WHAT YOU NEED TO DO ::
Beginning with the top line of the listing below, give again every line up to and including the line with "Rouba Residency Hotel"; pictures do not belong in the copy.

DATA SUPPLIED ::

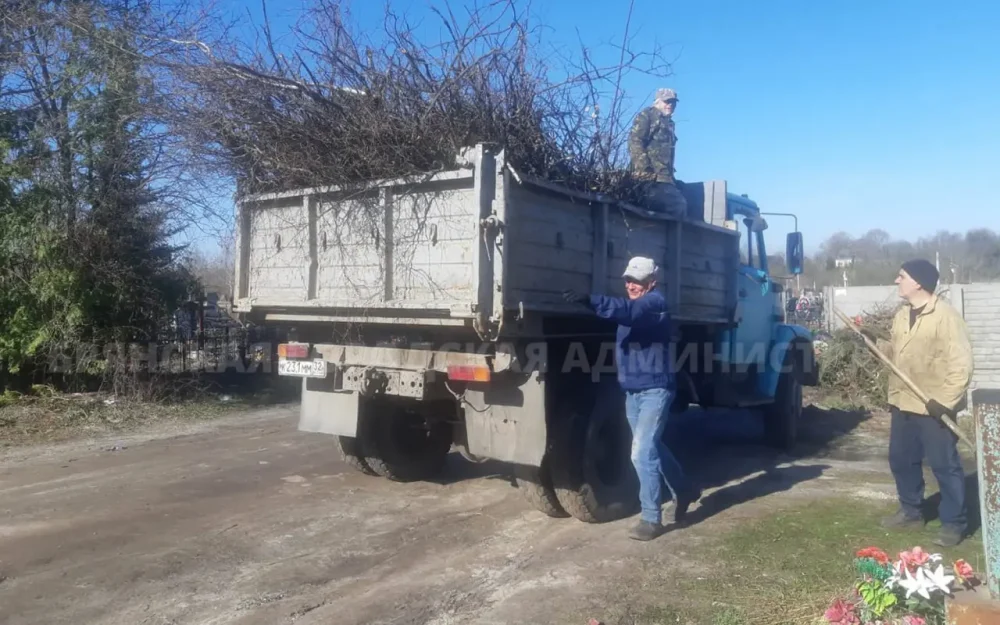 На кладбищах Брянска прибрались накануне Пасхи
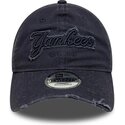 lippikset-kaareva-laivastonsininen-saadettava-nauha-9twenty-distress-wordmark-new-york-yankees-mlb-new-era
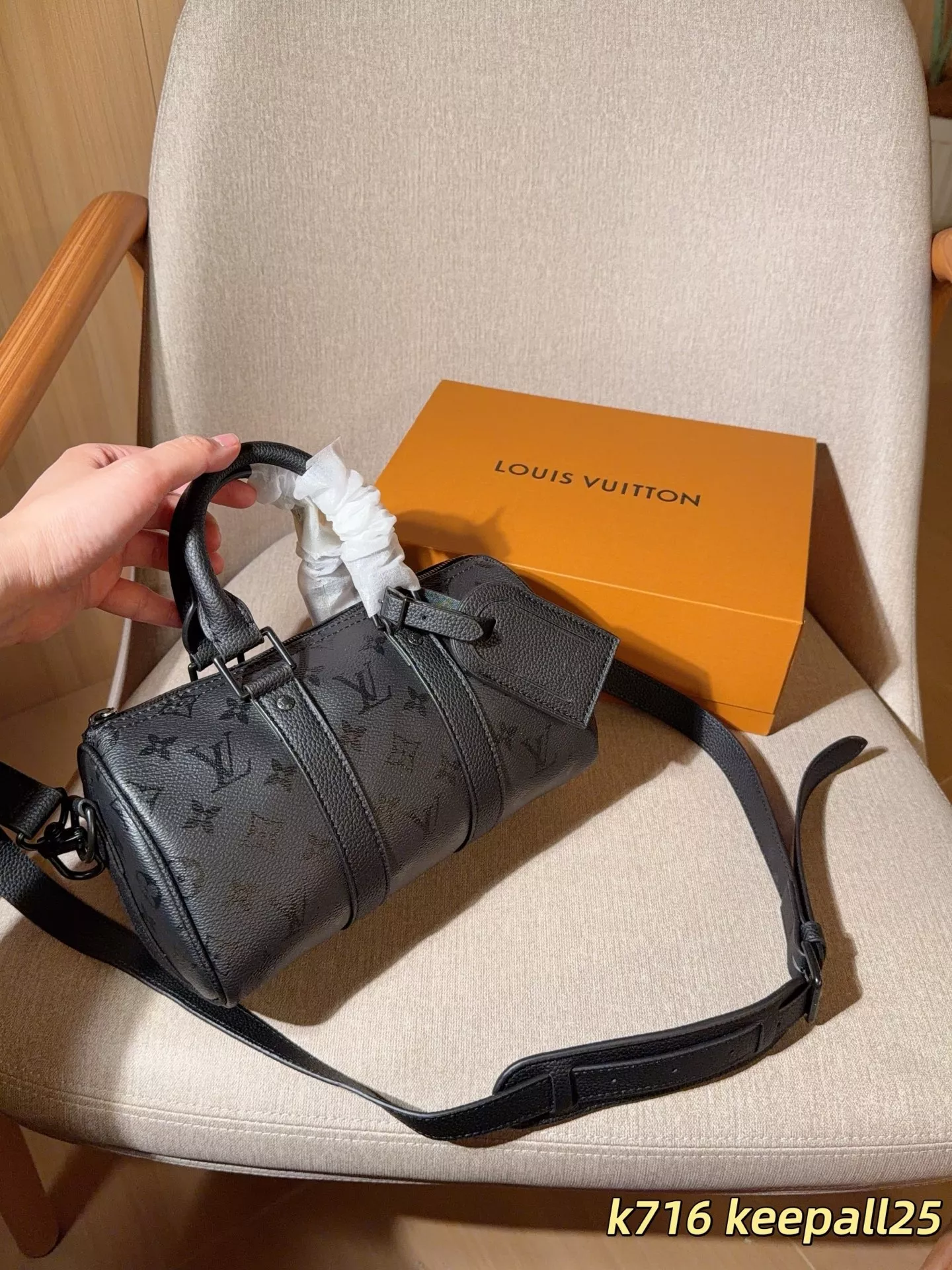 루이비통 모노그램 블랙 키폴 25 보스턴백 상세 이미지 2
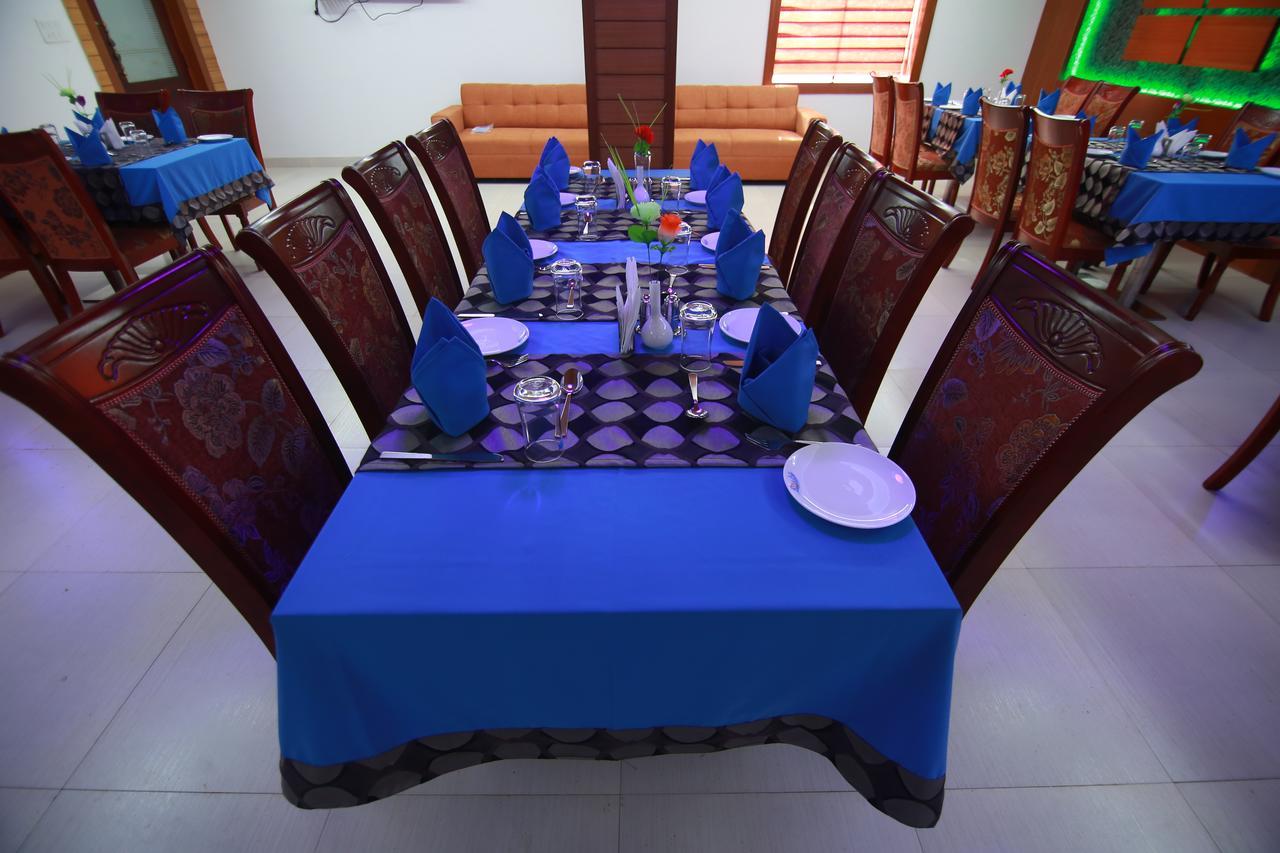 Rouba Residency Hotel Ponnani Bagian luar foto
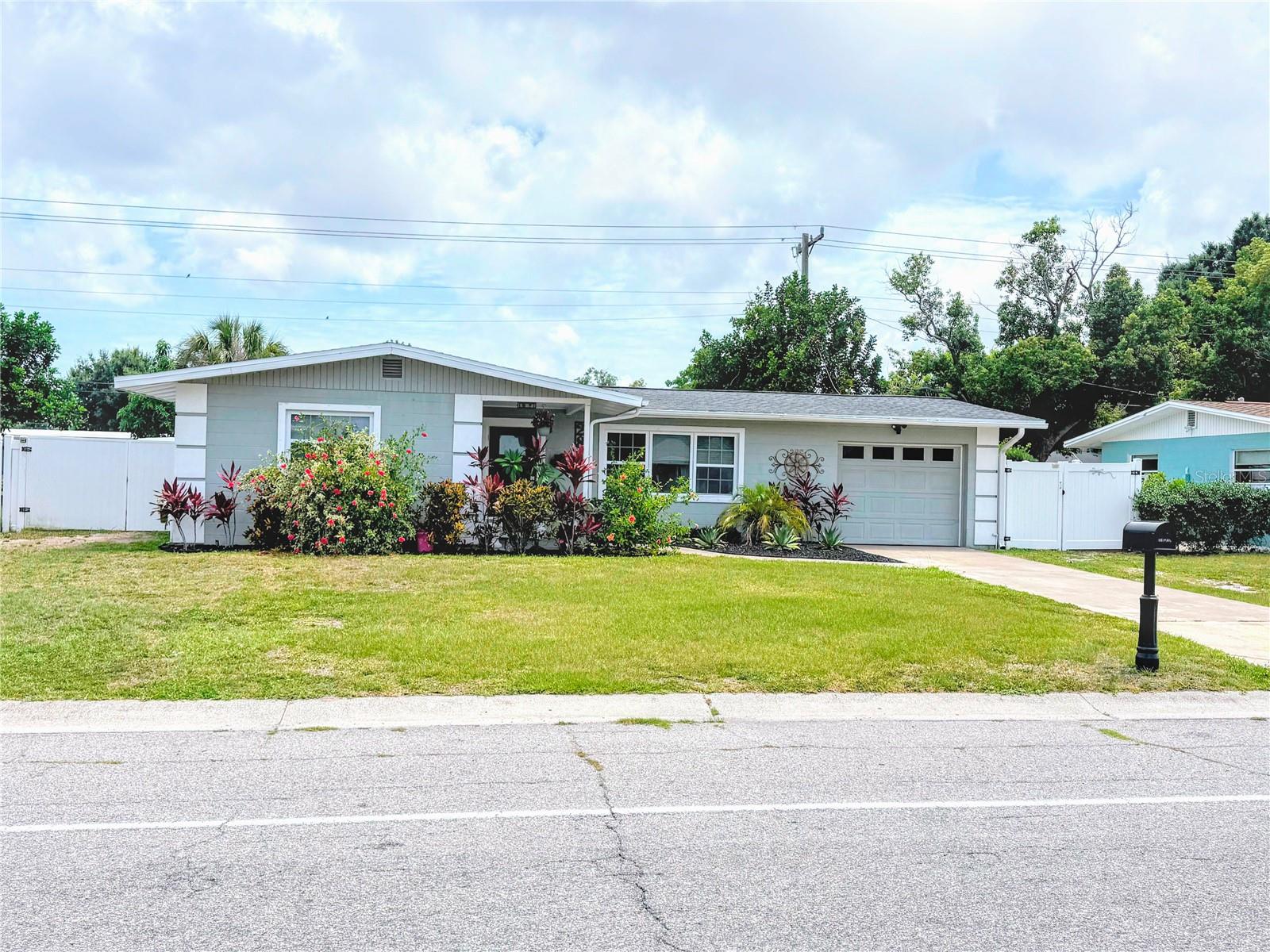 Photo of 2815 SOUTHERN PARKWAY BRADENTON FL 34205
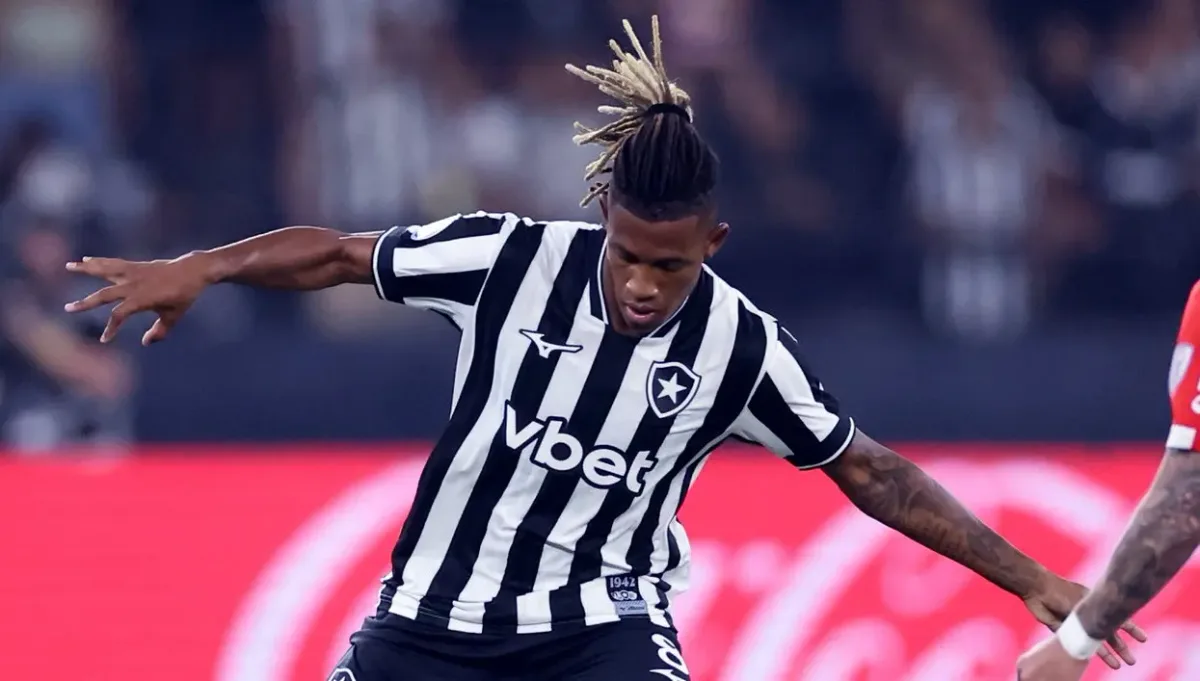 Botafogo x Athletico-PR: veja onde assistir e prováveis escalações do jogo pelo Brasileirão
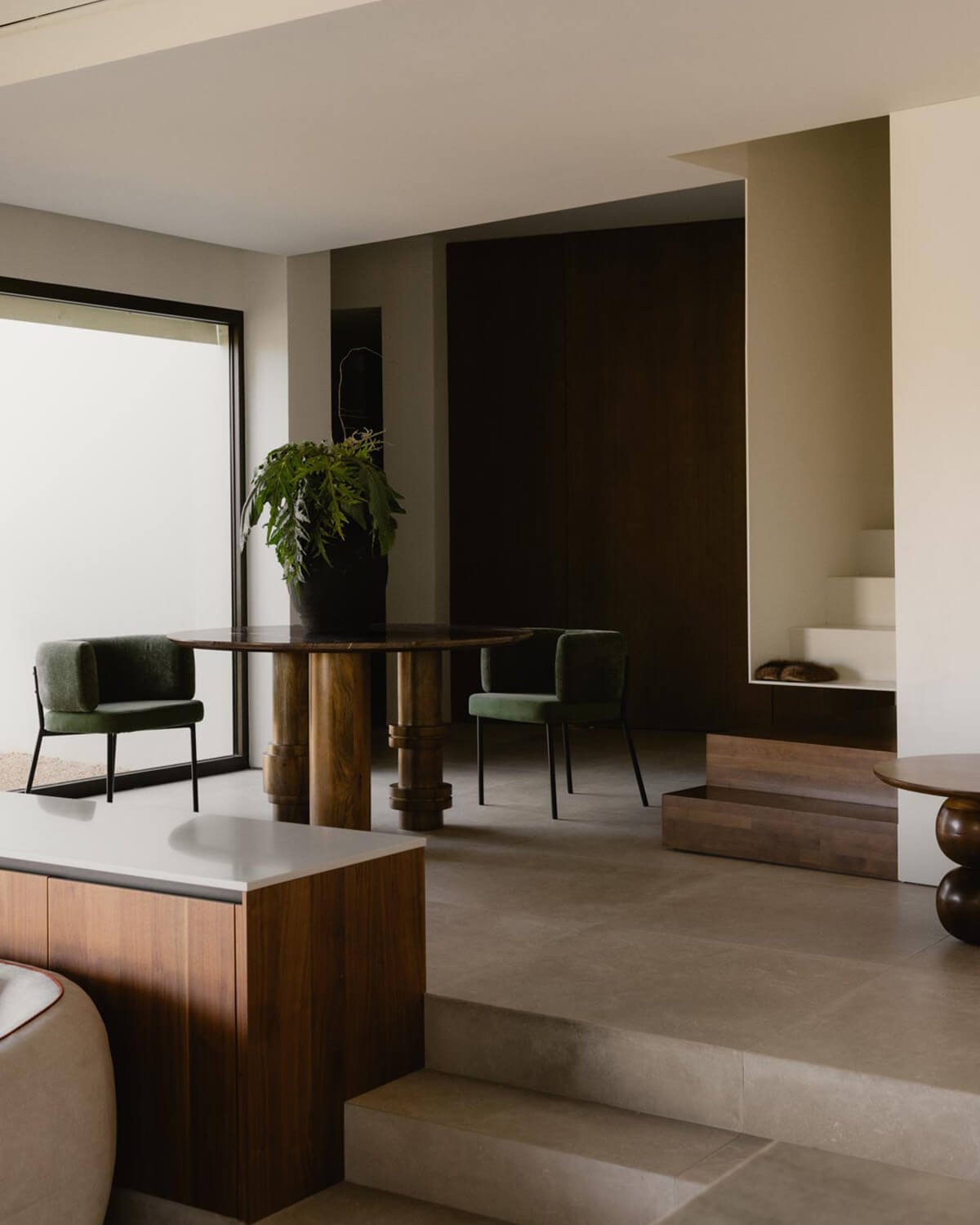 Tavolo da Pranzo Rotondo in Marmo Bidasar e Legno di Mango (Ø140 cm) Atenas, immagine della galleria 2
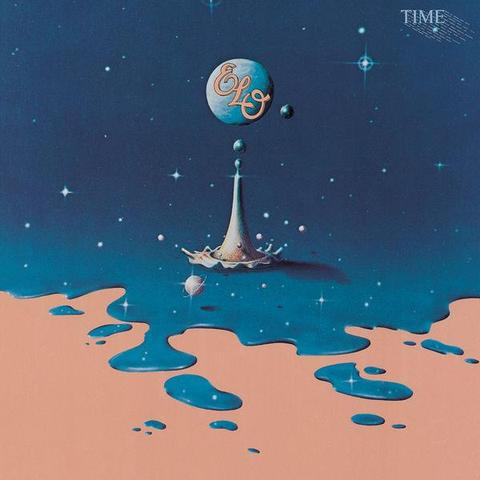 Portada del disco TIME de la Electric Light Orchestra, en él se ve un cuadro abstracto en el que una superficie color arena rosada está manchada por un liquido azul salpicado de estrellas simulando ser el cosmos. En medio se ve el efecto de una gota muy grande salpicando planetas en torno al cono del resto del 'rebote' de esa gota sobre el líquido. El logo de la banda está sobre el planeta más grande, sobre dicho 'cono'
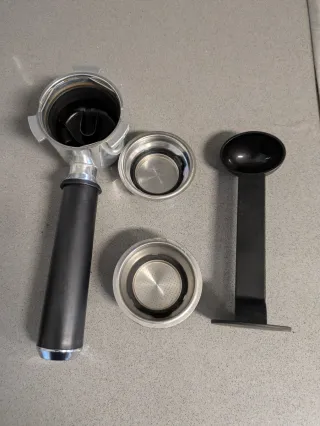 Cafetera Delonghi Dedica EC685BK + Molinillo KG200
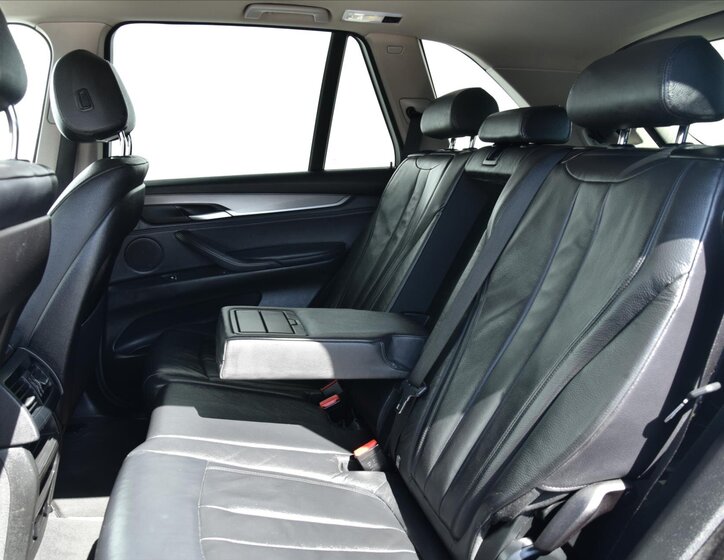 BMW X5 SUV / Terénní 3,0 l 204 kw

REPLY ::
 На кладбищах Брянска прибрались накануне Пасхи
 lippikset-kaareva-laivastonsininen-saadettava-nauha-9twenty-distress-wordmark-new-york-yankees-mlb-new-era
 루이비통 모노그램 블랙 키폴 25 보스턴백 상세 이미지 2
 Rouba Residency Hotel Ponnani Bagian luar foto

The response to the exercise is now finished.